## Data section
##########

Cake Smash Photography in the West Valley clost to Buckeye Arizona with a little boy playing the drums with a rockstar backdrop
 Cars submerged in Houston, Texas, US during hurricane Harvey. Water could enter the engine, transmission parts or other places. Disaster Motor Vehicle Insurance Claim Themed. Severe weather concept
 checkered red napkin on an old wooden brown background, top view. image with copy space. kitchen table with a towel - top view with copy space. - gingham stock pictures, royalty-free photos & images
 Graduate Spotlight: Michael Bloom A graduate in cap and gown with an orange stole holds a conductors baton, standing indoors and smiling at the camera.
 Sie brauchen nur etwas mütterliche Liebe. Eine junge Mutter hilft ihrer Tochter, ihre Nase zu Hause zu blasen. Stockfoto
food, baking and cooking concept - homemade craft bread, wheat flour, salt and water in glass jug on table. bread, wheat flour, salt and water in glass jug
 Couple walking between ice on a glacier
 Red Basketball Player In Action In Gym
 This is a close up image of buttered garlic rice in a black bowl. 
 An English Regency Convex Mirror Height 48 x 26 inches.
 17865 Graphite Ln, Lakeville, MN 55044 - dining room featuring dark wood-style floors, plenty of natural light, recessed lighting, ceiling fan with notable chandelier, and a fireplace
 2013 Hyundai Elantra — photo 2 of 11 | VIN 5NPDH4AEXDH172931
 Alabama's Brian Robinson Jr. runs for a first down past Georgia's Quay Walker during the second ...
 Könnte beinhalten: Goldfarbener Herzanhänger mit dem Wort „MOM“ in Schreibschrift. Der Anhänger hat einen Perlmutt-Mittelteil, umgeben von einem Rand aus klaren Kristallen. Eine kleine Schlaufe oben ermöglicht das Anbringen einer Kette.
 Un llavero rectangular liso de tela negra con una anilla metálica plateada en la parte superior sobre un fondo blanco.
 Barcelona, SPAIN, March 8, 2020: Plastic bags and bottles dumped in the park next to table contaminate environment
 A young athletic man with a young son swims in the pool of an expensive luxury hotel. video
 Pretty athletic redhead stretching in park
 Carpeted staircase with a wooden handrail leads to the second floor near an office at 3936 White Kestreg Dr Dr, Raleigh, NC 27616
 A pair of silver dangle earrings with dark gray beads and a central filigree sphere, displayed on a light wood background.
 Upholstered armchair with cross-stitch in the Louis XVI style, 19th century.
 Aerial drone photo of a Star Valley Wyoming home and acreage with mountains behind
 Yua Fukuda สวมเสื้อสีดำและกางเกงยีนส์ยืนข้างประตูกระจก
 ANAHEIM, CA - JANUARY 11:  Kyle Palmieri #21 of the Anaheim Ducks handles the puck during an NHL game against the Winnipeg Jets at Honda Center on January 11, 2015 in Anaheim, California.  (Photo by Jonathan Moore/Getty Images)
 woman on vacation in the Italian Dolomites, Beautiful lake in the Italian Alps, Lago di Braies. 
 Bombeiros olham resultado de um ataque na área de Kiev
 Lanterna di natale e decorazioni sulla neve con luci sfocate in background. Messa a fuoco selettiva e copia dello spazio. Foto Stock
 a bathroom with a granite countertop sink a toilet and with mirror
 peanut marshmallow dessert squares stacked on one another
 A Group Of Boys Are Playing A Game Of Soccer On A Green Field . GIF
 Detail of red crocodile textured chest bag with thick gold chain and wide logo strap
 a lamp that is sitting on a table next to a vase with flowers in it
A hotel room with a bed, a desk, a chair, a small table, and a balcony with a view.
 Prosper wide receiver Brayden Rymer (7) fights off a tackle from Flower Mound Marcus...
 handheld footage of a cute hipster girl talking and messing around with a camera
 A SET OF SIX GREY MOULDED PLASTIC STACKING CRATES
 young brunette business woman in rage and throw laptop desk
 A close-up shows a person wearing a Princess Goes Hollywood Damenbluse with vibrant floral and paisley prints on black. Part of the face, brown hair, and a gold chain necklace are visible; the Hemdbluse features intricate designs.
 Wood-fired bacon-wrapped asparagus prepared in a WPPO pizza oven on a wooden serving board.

##########

## What is being asked
Give every line above again, word for word.

## Solution to the problem
Cake Smash Photography in the West Valley clost to Buckeye Arizona with a little boy playing the drums with a rockstar backdrop
 Cars submerged in Houston, Texas, US during hurricane Harvey. Water could enter the engine, transmission parts or other places. Disaster Motor Vehicle Insurance Claim Themed. Severe weather concept
 checkered red napkin on an old wooden brown background, top view. image with copy space. kitchen table with a towel - top view with copy space. - gingham stock pictures, royalty-free photos & images
 Graduate Spotlight: Michael Bloom A graduate in cap and gown with an orange stole holds a conductors baton, standing indoors and smiling at the camera.
 Sie brauchen nur etwas mütterliche Liebe. Eine junge Mutter hilft ihrer Tochter, ihre Nase zu Hause zu blasen. Stockfoto
food, baking and cooking concept - homemade craft bread, wheat flour, salt and water in glass jug on table. bread, wheat flour, salt and water in glass jug
 Couple walking between ice on a glacier
 Red Basketball Player In Action In Gym
 This is a close up image of buttered garlic rice in a black bowl. 
 An English Regency Convex Mirror Height 48 x 26 inches.
 17865 Graphite Ln, Lakeville, MN 55044 - dining room featuring dark wood-style floors, plenty of natural light, recessed lighting, ceiling fan with notable chandelier, and a fireplace
 2013 Hyundai Elantra — photo 2 of 11 | VIN 5NPDH4AEXDH172931
 Alabama's Brian Robinson Jr. runs for a first down past Georgia's Quay Walker during the second ...
 Könnte beinhalten: Goldfarbener Herzanhänger mit dem Wort „MOM“ in Schreibschrift. Der Anhänger hat einen Perlmutt-Mittelteil, umgeben von einem Rand aus klaren Kristallen. Eine kleine Schlaufe oben ermöglicht das Anbringen einer Kette.
 Un llavero rectangular liso de tela negra con una anilla metálica plateada en la parte superior sobre un fondo blanco.
 Barcelona, SPAIN, March 8, 2020: Plastic bags and bottles dumped in the park next to table contaminate environment
 A young athletic man with a young son swims in the pool of an expensive luxury hotel. video
 Pretty athletic redhead stretching in park
 Carpeted staircase with a wooden handrail leads to the second floor near an office at 3936 White Kestreg Dr Dr, Raleigh, NC 27616
 A pair of silver dangle earrings with dark gray beads and a central filigree sphere, displayed on a light wood background.
 Upholstered armchair with cross-stitch in the Louis XVI style, 19th century.
 Aerial drone photo of a Star Valley Wyoming home and acreage with mountains behind
 Yua Fukuda สวมเสื้อสีดำและกางเกงยีนส์ยืนข้างประตูกระจก
 ANAHEIM, CA - JANUARY 11:  Kyle Palmieri #21 of the Anaheim Ducks handles the puck during an NHL game against the Winnipeg Jets at Honda Center on January 11, 2015 in Anaheim, California.  (Photo by Jonathan Moore/Getty Images)
 woman on vacation in the Italian Dolomites, Beautiful lake in the Italian Alps, Lago di Braies. 
 Bombeiros olham resultado de um ataque na área de Kiev
 Lanterna di natale e decorazioni sulla neve con luci sfocate in background. Messa a fuoco selettiva e copia dello spazio. Foto Stock
 a bathroom with a granite countertop sink a toilet and with mirror
 peanut marshmallow dessert squares stacked on one another
 A Group Of Boys Are Playing A Game Of Soccer On A Green Field . GIF
 Detail of red crocodile textured chest bag with thick gold chain and wide logo strap
 a lamp that is sitting on a table next to a vase with flowers in it
A hotel room with a bed, a desk, a chair, a small table, and a balcony with a view.
 Prosper wide receiver Brayden Rymer (7) fights off a tackle from Flower Mound Marcus...
 handheld footage of a cute hipster girl talking and messing around with a camera
 A SET OF SIX GREY MOULDED PLASTIC STACKING CRATES
 young brunette business woman in rage and throw laptop desk
 A close-up shows a person wearing a Princess Goes Hollywood Damenbluse with vibrant floral and paisley prints on black. Part of the face, brown hair, and a gold chain necklace are visible; the Hemdbluse features intricate designs.
 Wood-fired bacon-wrapped asparagus prepared in a WPPO pizza oven on a wooden serving board.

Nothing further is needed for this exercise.